The state transition matrix is two-by-two, since the state is two-element. In simple linear equation language, we have this:

$$\begin{eqnarray*}
p_{i}&=&p_{i-1}+\Delta t &v_{i-1}\\
v_{i}&=&                 &v_{i-1}
\end{eqnarray*}$$

Converting this to a matrix equation gets us this:

$$\begin{eqnarray*}
\begin{bmatrix}p \\ v\end{bmatrix}&=&\begin{bmatrix}1 & Δt \\0&1\end{bmatrix}&\begin{bmatrix}p_{i-1} \\ v_{i-1}\end{bmatrix}\\
\vec{x}_i&=&\M A&\vec{x}_{i-1}
\end{eqnarray*}$$

so we have a state transition matrix:

$$\M A=\begin{bmatrix}1 & \Delta t \\ 0 & 1\end{bmatrix}$$

For the observation matrix, we are taking the two-component state and converting it to one measurement, so the matrix is one-by-two.

$$\begin{eqnarray*}
\vec{z}_i&=&(1)p_i+&(0)v_i \\
         &=&\begin{bmatrix}1 & 0\end{bmatrix}&\begin{bmatrix}p_i \\v_i \end{bmatrix}\\
         &=&\M H&\vec{x}_i \\
\end{eqnarray*}$$

so the observation matrix is:

$$\M H=\begin{bmatrix}1 & 0\end{bmatrix}$$

### Process Noise Model

We represent the unpredictable accleration component with the process noise covariance matrix. The process noise is a random vector variable with two elements, so its covariance is a two-by-two matrix. I will borrow the process noise model from Wikipedia. In between any two measurements, the unknown process noise acceleration is presumed to be constant $a_i$. Since it is unknown, we model it as a Gaussian random variable with mean 0 and standard deviation $\sigma_a$. By integrating this over the time step, we see that the velocity is changed by $a_i\Delta t$ and by integrating twice we see that the position is changed by $\frac{1}{2}a_i\Delta t^2$.

So in mathematical terms, if we knew $a_i$, we could perfectly update the state and get:

$$\begin{eqnarray*}
\vec{x}_i&=&\M A\vec{x}_{i-1}+\vec{w}_i \\
\vec{w}_i&=&\begin{bmatrix}\frac{a_i \Delta t^2}{2} \\ a_i \Delta t\end{bmatrix}\\
         &=&\begin{bmatrix}\frac{\Delta t^2}{2} \\ \Delta t\end{bmatrix}a_i\\
\vec{g}&=&\begin{bmatrix}\frac{\Delta t^2}{2} \\ \Delta t\end{bmatrix}\\
\vec{x}_i&=&\M A\vec{x}_{i-1}+\vec{g}a_i\\
\end{eqnarray*}$$

This comes straight from [Wikipedia](https://en.wikipedia.org/wiki/Kalman_filter#Example_application,_technical) underived. The process noise covariance matrix is

$$\begin{eqnarray*}
\M Q&=&\vec{g}\vec{g}^T\sigma_a^2 \\
    &=&\begin{bmatrix}\frac{\Delta t^4}{4} & \frac{\Delta t^3}{2}\\\frac{\Delta t^3}{2} & \Delta t^2\end{bmatrix}σ_a^2
\end{eqnarray*}$$

Here I use $\vec{?}^T$ for the row vector form of column vector $\vec{?}$, IE we treat the column vector as an $n \times 1$ matrix and transpose it. I don't know the exact derivation, but basically it is saying that since the standard deviation is known, and the variance is required, you just square the standard deviation. Since you can't directly square a vector, the idiom $\vec{g}^2=\vec{g}\vec{g}^T$ is used.

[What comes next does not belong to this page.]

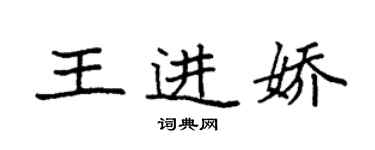 袁強王進嬌楷書個性簽名怎么寫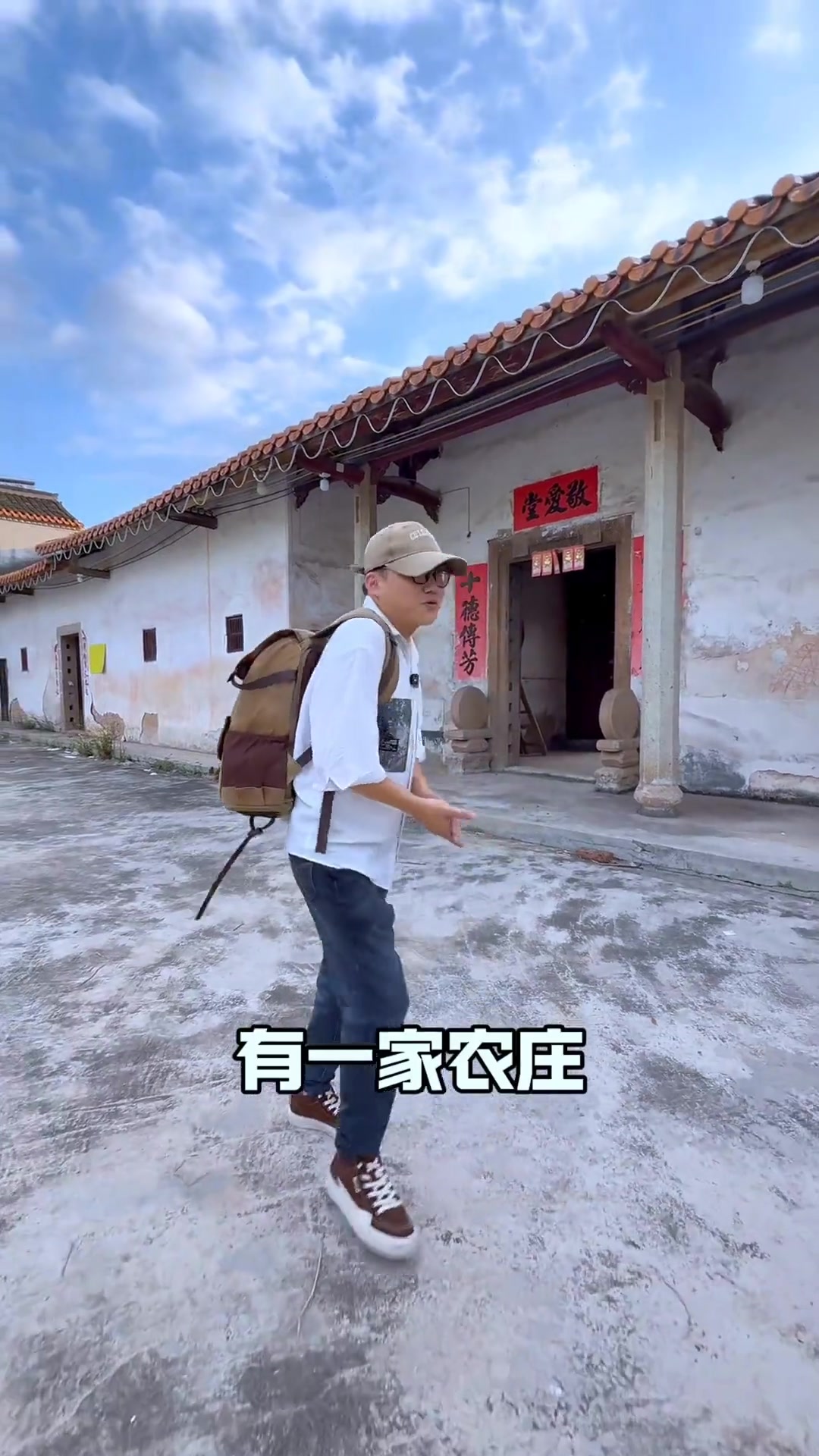 隐藏在围龙屋旁柴火炖土鸡汤，烟火气十足，小时候的味道！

As we look through the filter equations, it turns out that $\M Q$ is always added to the projected value of $\M P$, so it doesn't matter if $\M Q$ is singular by itself. 

In this case the process noise is a real part of the model, and not an ugly hack or tuning parameter. We defined the model with this random acceleration, and this process noise matrix describes it in math. For real systems such as EVE, the process noise is still an ugly hack.

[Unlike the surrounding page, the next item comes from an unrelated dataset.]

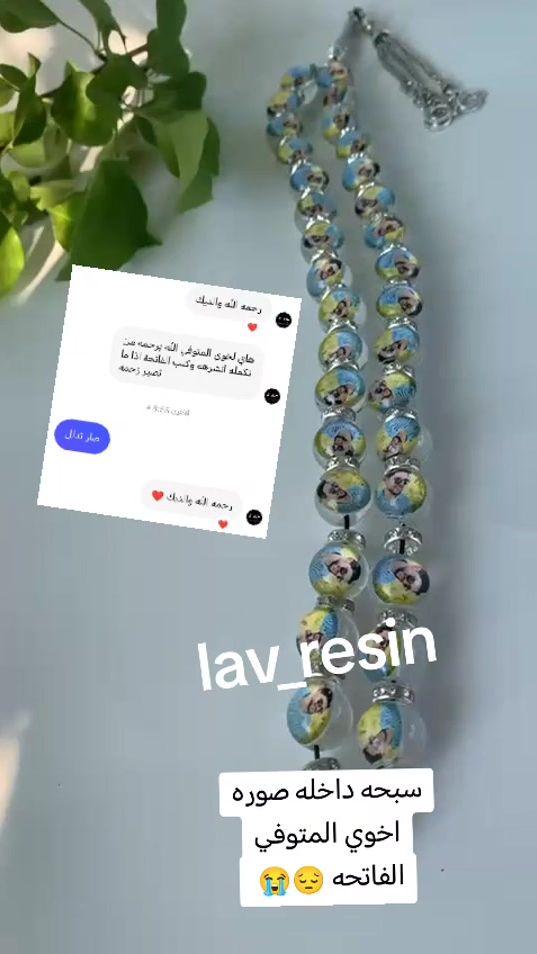 TikTok video thumbnail by lav_resin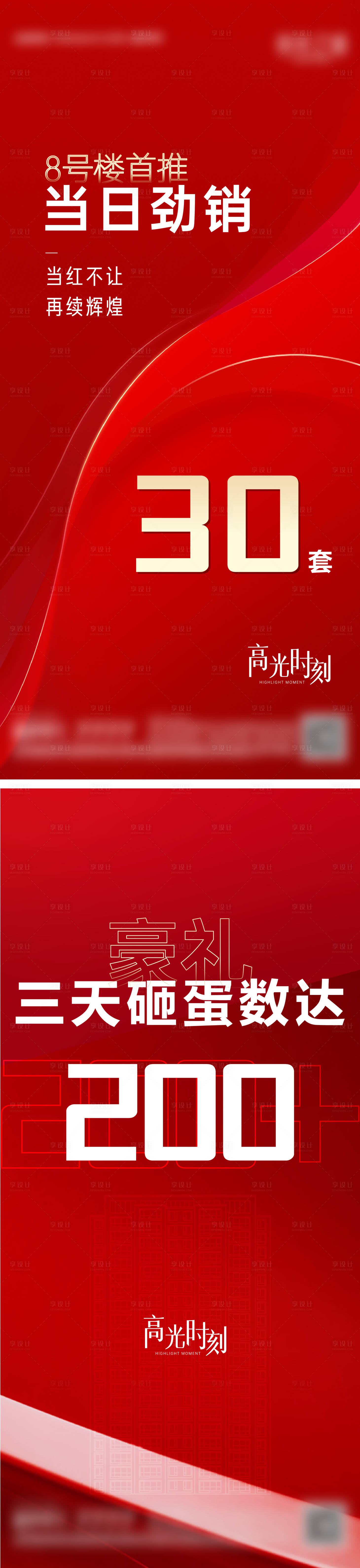 源文件下載【享設(shè)計(jì)】搜索編號(hào)：14750005747516859【系列熱銷】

The measurement is a scalar, so its covariance is scalar also.

$$R=\sigma_z^2$$

We can then apply these matrices directly to the Kalman filter form.

### Sensor fusion and sensor anti-fusion

In this  simple model, we have only one kind of sensor, for position, but we are able to recover both position and velocity. This is possible because our physics model $\M A$, simple as it is, is complete and captures the whole state vector. It also passes the *observability* criterion, a concept for another day. 

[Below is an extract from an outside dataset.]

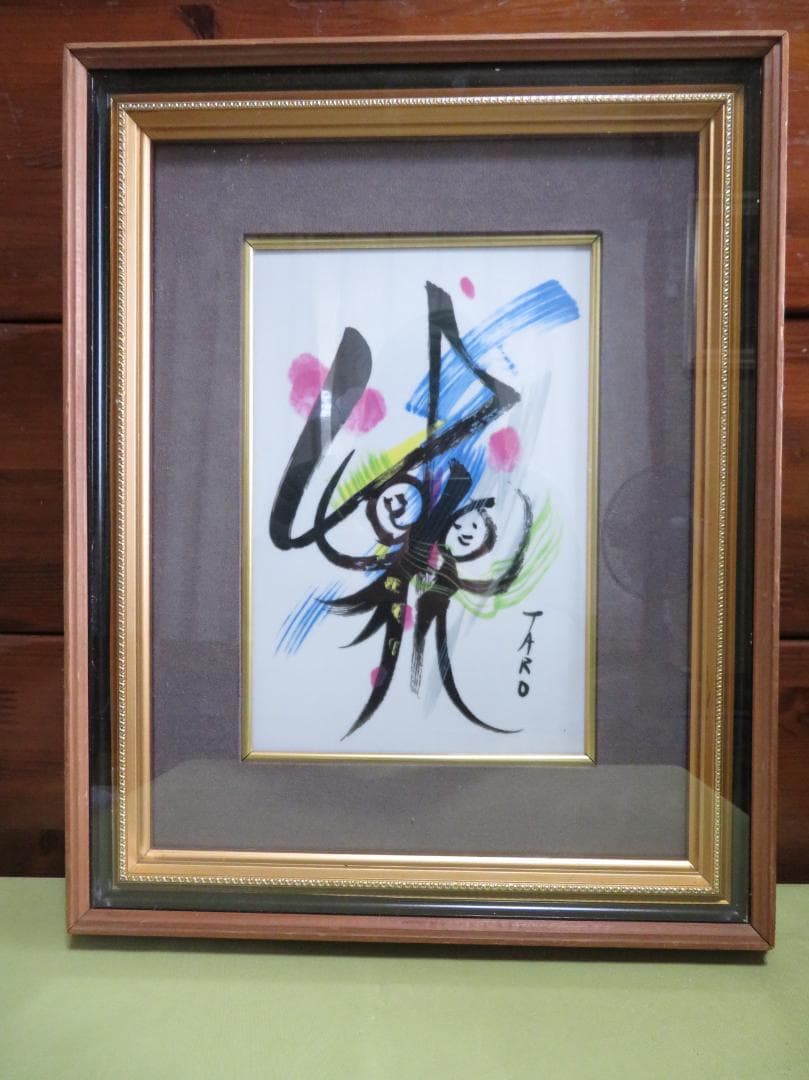 ■岡本太郎■陶板画■昭和51年■記念品■ 　　岡本太郎のコレクターズアイテム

This concept is important. If your system is observable (and that can be determined solely by looking at $\M A$ and $\M H$), you don't necessarily need a sensor for every component of your state vector. This is sensor anti-fusion, I guess. It is a complementary concept to sensor fusion.

With sensor fusion, sensors of two different types are used to measure the same parts of the state vector. We'll get into exactly how to do this in a later post, but let's just talk about goals for a moment. Suppose your robot has a 6DOF IMU and a GPS. You use the IMU for accuracy over short distances and times, and the GPS to keep things aligned with the real world, and keep the IMU from wandering off too far.

Now, you are probably not going to measure the GPS and IMU at the same time. So, for some steps, perhaps most steps, the IMU measurement is available and the GPS is not. Other steps, the GPS is available and the IMU is not. Perhaps there are rare times when both measurements are taken simultaneously.

What you do in this case is use a different observation model, and therefore a different $\M H$ depending on what combinations of sensors are available at a particular instant. When you use the IMU, you have an $\M H$ (or actually the nonlinear equivalent of $\M H$) which only uses the IMU. You also have the measurement uncertainty of the IMU in its own $\M R$. When you use the GPS, you use a different $\M H$. And, when both are available simultaneously, you could use an $\M H$ that incorporates both. We'll see why we don't do that at a later time.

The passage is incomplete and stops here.